The monthly rental or lease rate usually takes into account the cost of the vehicle including vehicle registration fees, road fund licence, its period of use and agreed mileage, funding costs, and forecast residual value (the vehicle's estimated value at the end of the contract, taking into account depreciation, mileage and condition). This part of the monthly charge is often referred to as the 'finance' element of the rental.
Vehicle mileage will have a big impact on the lease rate because the number of miles a vehicle does has major implications for both its service requirements and resale value. Underestimating mileage can reduce the monthly rental rate for the user, but it can result in them incurring excess charges at the end of the contract if they have exceeded their agreed total mileage limit.
The choice of vehicle model can also be a major factor. Two vehicles can have an almost identical list price, but if one has a much higher forecast residual value this will be reflected in a lower monthly rental.
As with Contract Hire, a Finance Lease allows the lessee to hire a vehicle for a fixed monthly fee, but it also transfers substantially all of the risks and rewards of ownership of the vehicle or van to the lessee. Using a Finance Lease means that the vehicle will appear on the lessee's balance sheet, with outstanding rentals represented as a liability.

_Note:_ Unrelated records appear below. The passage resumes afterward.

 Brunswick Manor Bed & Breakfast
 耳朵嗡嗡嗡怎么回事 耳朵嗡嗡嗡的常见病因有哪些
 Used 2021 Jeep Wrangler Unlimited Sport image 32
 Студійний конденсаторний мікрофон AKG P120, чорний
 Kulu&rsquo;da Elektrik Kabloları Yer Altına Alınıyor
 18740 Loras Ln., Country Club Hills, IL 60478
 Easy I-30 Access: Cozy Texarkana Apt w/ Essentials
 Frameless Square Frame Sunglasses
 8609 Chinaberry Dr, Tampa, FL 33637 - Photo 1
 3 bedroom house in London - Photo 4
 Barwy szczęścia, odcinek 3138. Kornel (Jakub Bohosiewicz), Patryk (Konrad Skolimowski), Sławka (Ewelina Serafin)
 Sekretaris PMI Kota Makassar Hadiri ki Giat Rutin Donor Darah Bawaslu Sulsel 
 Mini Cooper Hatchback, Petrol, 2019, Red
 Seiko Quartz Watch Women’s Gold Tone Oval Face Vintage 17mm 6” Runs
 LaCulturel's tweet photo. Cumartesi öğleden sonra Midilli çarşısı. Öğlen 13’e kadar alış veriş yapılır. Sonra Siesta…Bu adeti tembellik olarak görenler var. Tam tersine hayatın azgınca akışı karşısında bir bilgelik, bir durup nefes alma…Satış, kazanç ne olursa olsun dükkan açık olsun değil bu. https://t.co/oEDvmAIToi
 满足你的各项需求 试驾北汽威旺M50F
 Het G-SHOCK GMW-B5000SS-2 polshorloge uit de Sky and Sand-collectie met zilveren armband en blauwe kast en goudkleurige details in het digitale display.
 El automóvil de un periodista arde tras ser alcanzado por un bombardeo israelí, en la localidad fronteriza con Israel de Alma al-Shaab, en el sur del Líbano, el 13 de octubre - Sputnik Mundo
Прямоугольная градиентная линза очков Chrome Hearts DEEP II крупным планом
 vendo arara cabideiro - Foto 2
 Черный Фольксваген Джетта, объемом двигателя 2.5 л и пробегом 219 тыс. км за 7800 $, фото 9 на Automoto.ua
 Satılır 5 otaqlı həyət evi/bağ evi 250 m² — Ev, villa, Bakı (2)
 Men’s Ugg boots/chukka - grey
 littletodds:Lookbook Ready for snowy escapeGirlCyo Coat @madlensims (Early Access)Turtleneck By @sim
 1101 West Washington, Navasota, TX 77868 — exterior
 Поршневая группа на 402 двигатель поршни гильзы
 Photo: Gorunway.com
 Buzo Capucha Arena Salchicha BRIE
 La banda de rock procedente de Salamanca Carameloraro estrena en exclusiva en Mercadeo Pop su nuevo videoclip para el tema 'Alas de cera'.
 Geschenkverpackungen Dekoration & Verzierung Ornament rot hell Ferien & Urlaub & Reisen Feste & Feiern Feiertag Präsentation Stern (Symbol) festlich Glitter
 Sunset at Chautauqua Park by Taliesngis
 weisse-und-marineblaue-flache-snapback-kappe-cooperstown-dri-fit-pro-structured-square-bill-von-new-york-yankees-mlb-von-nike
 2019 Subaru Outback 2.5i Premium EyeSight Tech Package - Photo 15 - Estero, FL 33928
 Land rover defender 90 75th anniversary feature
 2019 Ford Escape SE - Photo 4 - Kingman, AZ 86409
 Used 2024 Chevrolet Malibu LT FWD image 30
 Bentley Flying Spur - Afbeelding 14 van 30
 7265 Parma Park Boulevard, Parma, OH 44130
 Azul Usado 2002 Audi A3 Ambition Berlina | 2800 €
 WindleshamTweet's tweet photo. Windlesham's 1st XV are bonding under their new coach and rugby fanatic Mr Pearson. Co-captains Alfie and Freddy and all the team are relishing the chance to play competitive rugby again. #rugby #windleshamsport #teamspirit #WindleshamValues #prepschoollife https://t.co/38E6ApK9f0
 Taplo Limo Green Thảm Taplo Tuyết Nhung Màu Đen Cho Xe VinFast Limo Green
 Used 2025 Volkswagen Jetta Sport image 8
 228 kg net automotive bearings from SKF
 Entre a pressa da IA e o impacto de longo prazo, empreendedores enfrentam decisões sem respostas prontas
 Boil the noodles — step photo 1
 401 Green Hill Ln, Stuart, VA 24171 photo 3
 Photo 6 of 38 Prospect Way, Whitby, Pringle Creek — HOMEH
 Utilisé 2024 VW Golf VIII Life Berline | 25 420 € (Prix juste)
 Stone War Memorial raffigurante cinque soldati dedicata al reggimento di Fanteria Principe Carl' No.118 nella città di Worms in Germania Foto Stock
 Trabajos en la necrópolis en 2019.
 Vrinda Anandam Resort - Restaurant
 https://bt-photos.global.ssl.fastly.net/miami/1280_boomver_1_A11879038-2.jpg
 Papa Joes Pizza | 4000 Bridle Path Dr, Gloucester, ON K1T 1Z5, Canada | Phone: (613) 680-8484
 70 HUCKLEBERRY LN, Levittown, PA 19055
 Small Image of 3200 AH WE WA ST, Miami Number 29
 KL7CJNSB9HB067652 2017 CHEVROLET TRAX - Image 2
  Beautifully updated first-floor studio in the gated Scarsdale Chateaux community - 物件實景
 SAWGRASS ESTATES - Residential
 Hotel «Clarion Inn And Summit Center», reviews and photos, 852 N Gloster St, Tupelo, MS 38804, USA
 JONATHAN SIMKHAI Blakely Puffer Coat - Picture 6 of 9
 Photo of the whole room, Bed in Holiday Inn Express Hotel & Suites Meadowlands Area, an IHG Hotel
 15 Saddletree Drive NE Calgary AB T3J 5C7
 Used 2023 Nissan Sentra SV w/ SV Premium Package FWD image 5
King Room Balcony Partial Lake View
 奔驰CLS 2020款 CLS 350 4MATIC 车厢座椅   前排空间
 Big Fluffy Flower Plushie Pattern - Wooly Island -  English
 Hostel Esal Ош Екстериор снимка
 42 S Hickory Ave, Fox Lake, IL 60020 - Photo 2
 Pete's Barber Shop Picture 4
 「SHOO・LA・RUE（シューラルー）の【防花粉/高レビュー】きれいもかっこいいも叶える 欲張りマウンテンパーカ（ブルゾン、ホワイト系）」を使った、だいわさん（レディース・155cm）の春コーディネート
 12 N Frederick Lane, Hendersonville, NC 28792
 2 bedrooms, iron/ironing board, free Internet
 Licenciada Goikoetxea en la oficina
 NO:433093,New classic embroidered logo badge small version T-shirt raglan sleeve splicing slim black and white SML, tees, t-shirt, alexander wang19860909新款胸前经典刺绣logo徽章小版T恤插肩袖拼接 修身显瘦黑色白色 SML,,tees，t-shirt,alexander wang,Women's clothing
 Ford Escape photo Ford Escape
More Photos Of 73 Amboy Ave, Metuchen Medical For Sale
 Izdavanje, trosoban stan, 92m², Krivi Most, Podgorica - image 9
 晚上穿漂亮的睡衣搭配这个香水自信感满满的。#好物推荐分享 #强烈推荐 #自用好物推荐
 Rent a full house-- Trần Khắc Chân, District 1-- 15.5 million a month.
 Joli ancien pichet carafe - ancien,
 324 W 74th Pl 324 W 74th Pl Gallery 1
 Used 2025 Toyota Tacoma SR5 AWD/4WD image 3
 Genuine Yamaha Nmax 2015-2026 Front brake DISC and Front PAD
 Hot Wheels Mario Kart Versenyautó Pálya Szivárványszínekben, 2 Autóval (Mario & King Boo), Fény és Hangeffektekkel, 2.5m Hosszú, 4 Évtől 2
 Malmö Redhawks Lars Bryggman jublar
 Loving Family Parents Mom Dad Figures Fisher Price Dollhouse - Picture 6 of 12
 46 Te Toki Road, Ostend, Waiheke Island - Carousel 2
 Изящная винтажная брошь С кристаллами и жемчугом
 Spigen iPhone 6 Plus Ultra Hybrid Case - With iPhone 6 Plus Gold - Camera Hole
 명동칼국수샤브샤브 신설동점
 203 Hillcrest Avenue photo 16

A Finance Lease generally conforms to one of two standard formats - the Balloon Lease or the Fully Amortised Lease.
In a Balloon Lease, the diminishing value of the vehicle is reflected in the monthly rental, with a final balloon payment covering the estimated residual value at the end of the contract. If the sold price is above the predetermined balloon payment then the leasing company will usually refund a percentage of the proceeds to the lessee. If the price is below the balloon payment then the lessee will be liable to pay the shortfall to the leasing company.
A Fully Amortised Lease accounts for the full value of the vehicle over the primary lease period within the monthly payments. Under these circumstances the lessee (vehicle user) may be offered a lease on the vehicle for a secondary period at a nominal 'peppercorn' rental.